TASK GOAL
Transcribe all data verbatim. Skip the pictures.

DATASET SECTION
.....
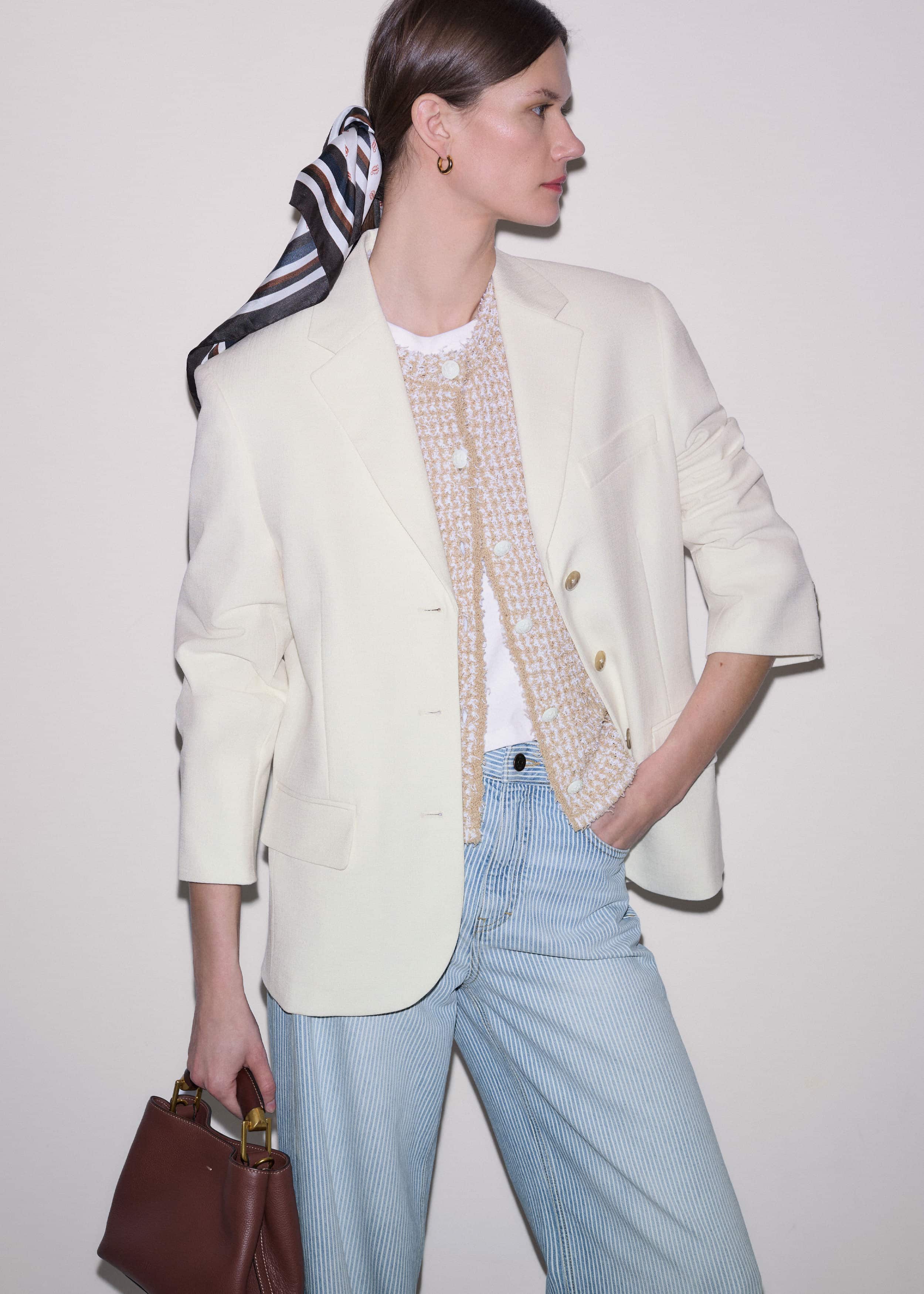 Cream Tweed Knit Pouf Shoulder Textured Crop Jacket meandem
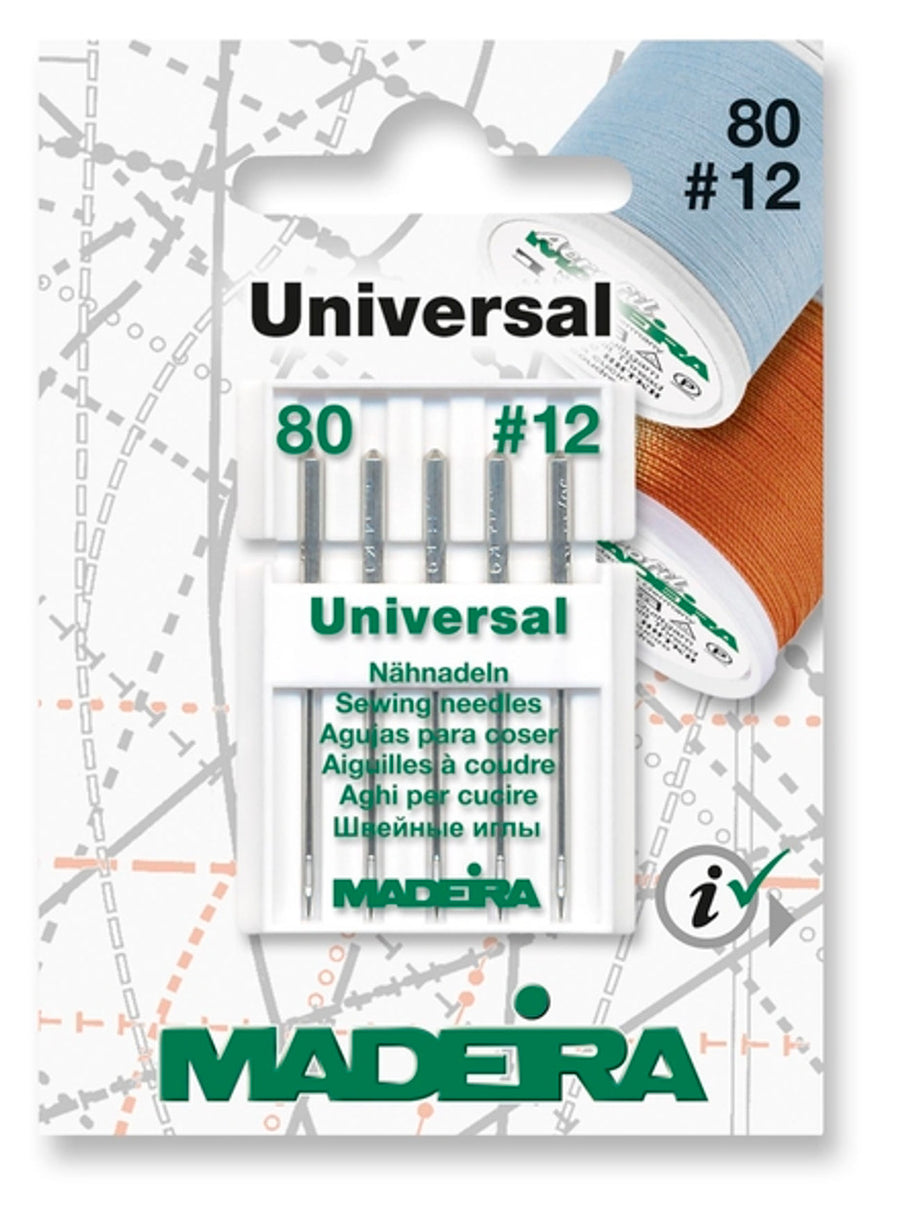Madeira Universal Sewing Machine Needles 9455 pack of five size 80/12 needles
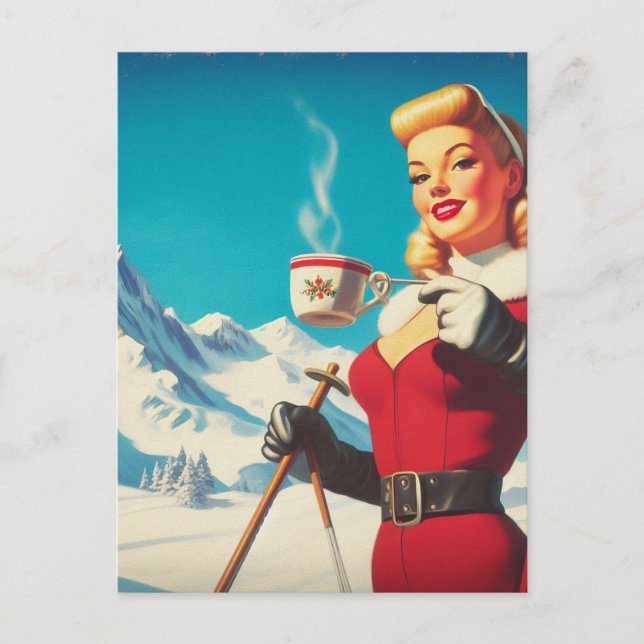 Carte Postale Vintage fille d'hiver (Devant)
.....
TASK SOLUTION
 Cream Tweed Knit Pouf Shoulder Textured Crop Jacket meandem
Madeira Universal Sewing Machine Needles 9455 pack of five size 80/12 needles
 Carte Postale Vintage fille d'hiver (Devant)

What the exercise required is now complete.